International Women’s Day celebrated by Egyptian women’s rights organization
International Women's Day celebration at el-Balad Library Randa el-Banna for The cairopost

CAIRO: International Women’s Day on March 8 was first celebrated by women protesting in New York I the early 20th century, journalist Hanya Moheib said in her speech on Saturday. Women were carrying roses and bread on this day, claiming their rights to have less working hours and to vote, and prevent children from working.

Many countries celebrate this day all over the world. Several women’s rights organizations like “I saw harassment,” Foada watch and the Women’s Parliament and Act center, held a celebration in downtown Cairo under the name “They are the Change,” a phrase directed to women.

In addition to Moneib, member of the supreme committee of the Egyptian Democratic Party Maha el-Gazar, co-founder of the Women of the Arab World movement Sally Zohney and women activist Yasmeen el-Baramawy attended the celebration among others.

The celebration started with a press statement of the women organizations stating their demands. The statement read that ever since the January 25 Revolution, Egyptian women has been the most vulnerable group in society. They are subject to violation and marginalizing to force them to stop participating in the revolution and to stop demanding their rights.

The statement demanded that the authorities must start activating non-discrimination between males and females in higher decision making positions according to the 2013 constitution. The organizations announced that political parties, democratic powers and religious institutions must focus on letting women participate in ruling, not letting them become just house wives.

Furthermore, the statement demanded presidential candidates to include women’s welfare in their electoral programs and stated that the next parliament should adopt a law that incriminates all kinds of sexual harassment and violence against women.

Moheib spoke during the celebration about the image of women engraved in society’s mind. This image relies on putting women in the defendant’s position, implying that she is always wrong and she is the reason behind being violated or harassed, she said. Women broke the barrier of fear during the January 25 Revolution, as women are entitled to defend their own rights, children’s rights and animals’ rights as well, according to Hanya.

She added that one of the main problems that women face is the “masculine culture,” in which women have no rights, men must control everything and must be violent towards women, and women should not speak out for their rights. The journalist pointed out that so many women promote for this kind of culture as well and abandon their rights themselves.
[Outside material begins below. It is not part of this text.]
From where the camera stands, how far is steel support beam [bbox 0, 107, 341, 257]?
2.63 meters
Moheib said that women must be told that being silent towards harassment is considered a crime and she urged women to believe in themselves, because they are powerful enough to demand and regain their rights. One example of women’s power is a Kenyan lady called Wangari Maathai, who founded the green belt initiative to plant trees. Thanks to her 30 million trees were planted in Kenya, Hanya told the audience.

Politician Gazar spoke about increasing women’s awareness and the role of women in the Egyptian Democratic Party. Gazar further spoke about the Bosi project, of which he is a member, that forms a platform for Egyptian women to tell real stories about harassment, aiming to address and face this phenomenon in society.
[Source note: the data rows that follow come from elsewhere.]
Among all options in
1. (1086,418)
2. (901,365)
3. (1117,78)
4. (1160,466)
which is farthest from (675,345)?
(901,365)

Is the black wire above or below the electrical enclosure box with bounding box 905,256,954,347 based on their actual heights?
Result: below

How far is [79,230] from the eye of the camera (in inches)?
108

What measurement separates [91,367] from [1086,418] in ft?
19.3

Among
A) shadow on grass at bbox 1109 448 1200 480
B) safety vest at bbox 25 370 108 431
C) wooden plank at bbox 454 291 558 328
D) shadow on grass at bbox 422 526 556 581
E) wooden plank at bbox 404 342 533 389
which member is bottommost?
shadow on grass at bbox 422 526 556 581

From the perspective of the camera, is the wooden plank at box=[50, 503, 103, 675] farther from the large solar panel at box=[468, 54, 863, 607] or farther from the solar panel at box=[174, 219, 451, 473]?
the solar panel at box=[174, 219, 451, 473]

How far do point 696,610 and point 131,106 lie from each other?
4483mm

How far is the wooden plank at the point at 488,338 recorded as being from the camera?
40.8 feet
The  “I saw harassment” movement displayed three videos recorded back in 2012 about sexual harassment in the streets during Eid al-Adha. The videos contained interviews with children of both sexes between seven to 12 years old about why women and girls are harassed and what people’s reactions are towards girls that try to protect themselves against harassment.

Also  activist Baramawy said that the presence of people who defend women’s rights to live a safe life and those who start initiatives to solve women’s problems against sexual harassment and violence, are the reason that keeps her going. Without these people she would have travelled abroad a very long time ago, she said. Also she played several music pieces using the Arab instrument Oud.